Afghan soldiers and Coalition troops have launched offensives against Taliban forces in Farah and Kunar provinces and killed more than 50 Taliban. The remains of a US soldier who was listed as missing in Kunar after a Taliban assault on an outpost on May 1 have been found.
The fighting in Farah broke out after the Taliban carried out public executions of three former government officials in the Bala Boluk district. The three men were murdered for working with the government, the provincial governor told Reuters.
Afghan soldiers backed by Coalition strike aircraft launched an operation in Bala Boluk, targeting the more than 100 Taliban fighters manning fighting positions in the district.
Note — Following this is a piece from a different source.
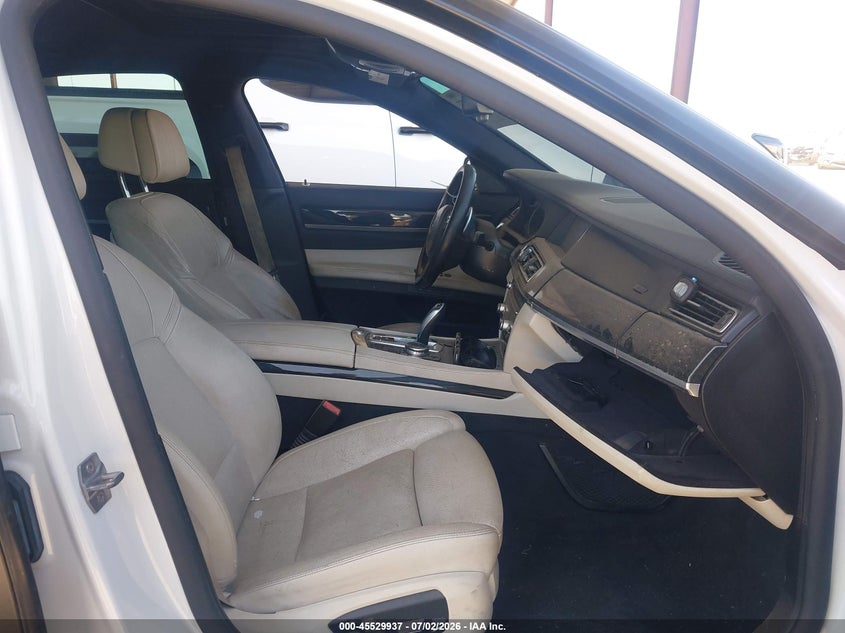 2015 BMW 740I auction photo 5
The operation sparked major fighting. Twenty-five Taliban fighters and four Afghan soldiers have been reported killed in the battle, which has been reported to still be underway. Eight soldiers and 11 civilians have also been wounded in the clashes.
“The operation is still going on and casualty figures on both sides may change,” Governor Rohul Amin said. “Civilians might have been hurt during the operations, but we don’t have any figure yet.”
The insurgency in Farah has intensified over the past two years. While attacks and violence are low compared to the hotter regions in the south and east, the Taliban has stepped up efforts in the southwest. Farah borders the insurgency-wracked province of Helmand and also borders Iran, which smuggles weapons to the Taliban across the border.
Battles in Kunar
Afghan and Coalition forces have also battled the Taliban in the eastern province of Kunar over the past several days.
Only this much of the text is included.